## Exercise details
Lines below that include the word "Armada" should each be copied.

## Records shown
════════
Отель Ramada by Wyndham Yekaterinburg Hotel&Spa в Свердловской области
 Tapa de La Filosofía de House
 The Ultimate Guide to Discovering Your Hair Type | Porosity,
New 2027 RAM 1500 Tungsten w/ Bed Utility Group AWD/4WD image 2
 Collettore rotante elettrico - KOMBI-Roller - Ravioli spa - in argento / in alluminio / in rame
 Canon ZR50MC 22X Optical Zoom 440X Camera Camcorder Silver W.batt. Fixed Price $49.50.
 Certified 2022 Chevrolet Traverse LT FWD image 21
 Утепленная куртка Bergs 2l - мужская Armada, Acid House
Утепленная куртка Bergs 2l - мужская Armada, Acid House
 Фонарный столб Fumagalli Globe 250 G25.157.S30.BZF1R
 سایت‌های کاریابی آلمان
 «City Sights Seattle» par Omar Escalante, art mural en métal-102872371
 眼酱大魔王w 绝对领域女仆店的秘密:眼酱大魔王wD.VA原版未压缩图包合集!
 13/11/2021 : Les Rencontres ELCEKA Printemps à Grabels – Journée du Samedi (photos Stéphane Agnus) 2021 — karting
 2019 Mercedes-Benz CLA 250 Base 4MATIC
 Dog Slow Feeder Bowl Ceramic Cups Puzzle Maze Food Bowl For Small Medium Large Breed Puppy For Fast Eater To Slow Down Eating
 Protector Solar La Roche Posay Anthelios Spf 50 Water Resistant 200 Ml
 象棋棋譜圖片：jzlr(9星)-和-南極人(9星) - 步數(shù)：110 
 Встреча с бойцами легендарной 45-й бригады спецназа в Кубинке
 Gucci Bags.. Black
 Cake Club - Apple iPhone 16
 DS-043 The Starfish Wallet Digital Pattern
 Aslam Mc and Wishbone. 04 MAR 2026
════════
## Your response
 Утепленная куртка Bergs 2l - мужская Armada, Acid House
Утепленная куртка Bergs 2l - мужская Armada, Acid House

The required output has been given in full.